The type is also too small to read. Sure it looks good, but these images are larger than the original slide, and the text is hardly readable. I think it would make sense to be a bit more pragmatic here, even if that means sacrificing some of the design, to make something that looks better but is still easily readable.

Introducing additional information that was not there (the arrow, the numbers of items in each category) should also be avoided, because we don't know what basis those decisions are made on.

Oh and BTW, on Tufte and the Challenger: see Representation and Misrepresentation (PDF) for a dissection of Tufte's argument.

Fri 17 Nov 2006 at 3:24 PM

I also dislike the assumption that the progression from order to chaos is linked to the timeline.

I prefer the 'barometer' because with a slight change, it presents a model that could be used and reused over time. For instance it could go from red back to orange.

I also think it is better to list the factors in the order of severity. (critical to common)

Fri 17 Nov 2006 at 10:19 PM

i understand the concern about the misinterpretation of information based on the charts. and i agree that there is not much emphasis on information in these charts. but–

i think the 3d version has much better hierarchy. it gives you an instant overall feel about the change, without having to read much. i think this is because there is a variation of type and object sizes, including the bar, the shorter all-caps titles, and smaller icons.

if the barometer might be a more accurate display of information (i cannot read what is actually written there), i think it could benefit from a re-design using the elements that make the 3d graph easier to read. the 2d chart has no hierarchy. the lines of the type descending from the "today" carry the strongest weight the text is going left and right and left again, making it difficult to follow.

does a "designy" looking chart make the information look less official? less believable? or make things clearer, legible, and inspire more change because they can be understood?

Sat 18 Nov 2006 at 6:19 AM

I believe that any representation of such information pertaining to war, should as well reflect the fact it isn't a binary proposition, whether "good vs. evil" or "chaos vs order". That is already buying into the administrations belief system, thus destroying any possible function of the chart to serve in some analytic way.

Indicators that really reflect this war, which are also concrete, would be better served by attempting to generate material out of the specific, unique character of this war: this war can be described by the amazing gap between events, facts and U.S. / U.K. administration rhetoric. That can be done in some VERY quantifiable ways, one could follow how the "gap" forms, and have some historical dimensions apparent after 3 years. It would be starting off from a more particular signature of the info-aesthetic if you like, of this war.

Certainly since Vietnam, there is a reason to be sensitive to charting out facts about wars, where the bodycounts may just windup as if "numbers" and lose respect as lives. But that said, it can't be that one ignores dealing with any society-related issue that has to negotiate deaths. Sometimes there is an implicit public, even civic role for information that can be presented in formats that make certain points clear - whether the rise in Aids-related deaths, the effects on infant-mortality in poorest of urban settings, and so on. These can also end up diminishing human lives to numbers, the distanced, "so many thousands in Africa" feeling numbing us to what is actually occuring on a closer, human relation, person to person.
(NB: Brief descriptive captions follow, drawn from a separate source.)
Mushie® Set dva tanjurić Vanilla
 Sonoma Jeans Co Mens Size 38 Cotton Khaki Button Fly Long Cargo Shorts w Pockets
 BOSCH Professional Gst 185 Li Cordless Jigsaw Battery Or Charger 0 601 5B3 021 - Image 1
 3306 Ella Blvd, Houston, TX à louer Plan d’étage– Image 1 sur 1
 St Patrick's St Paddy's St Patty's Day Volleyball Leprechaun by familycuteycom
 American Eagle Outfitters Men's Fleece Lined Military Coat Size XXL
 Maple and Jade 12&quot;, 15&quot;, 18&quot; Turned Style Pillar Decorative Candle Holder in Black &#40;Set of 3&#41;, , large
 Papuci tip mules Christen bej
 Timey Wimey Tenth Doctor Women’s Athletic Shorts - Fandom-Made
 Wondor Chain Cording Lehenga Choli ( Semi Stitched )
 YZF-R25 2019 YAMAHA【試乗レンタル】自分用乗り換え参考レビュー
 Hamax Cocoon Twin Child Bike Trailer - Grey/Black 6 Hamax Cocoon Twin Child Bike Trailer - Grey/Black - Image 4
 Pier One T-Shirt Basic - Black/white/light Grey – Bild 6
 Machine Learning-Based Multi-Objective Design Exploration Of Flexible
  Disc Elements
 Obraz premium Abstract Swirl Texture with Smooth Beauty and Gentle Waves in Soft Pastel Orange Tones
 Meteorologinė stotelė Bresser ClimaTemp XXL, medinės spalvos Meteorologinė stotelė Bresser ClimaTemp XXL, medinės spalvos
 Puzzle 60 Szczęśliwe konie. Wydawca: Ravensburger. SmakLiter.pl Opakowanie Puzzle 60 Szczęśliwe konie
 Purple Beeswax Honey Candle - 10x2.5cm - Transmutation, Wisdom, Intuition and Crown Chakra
One of the important aspects of info-asethetics is the dialog concerning just how to create a relation not to information but to intended audience, to avoid running into the worst-case scenario.

I would contrast this attempt made by the charts here to illuminate a real-time condition, with as one example, the fake visuals, powerpoint presented at the U.N. by Colin Powell et al for proof of going to war. There, in those scientific, neutral, satellite etc..images, few clear titles and captions, all in link with his administration rhetoric, one finds a callous, disrespectful info-graphic, shaped to sell non-facts, or lies (as we know now and they knew then) and can be attributed to leading to the deaths of soldiers today.
So at least this chart is trying to reflect a reality.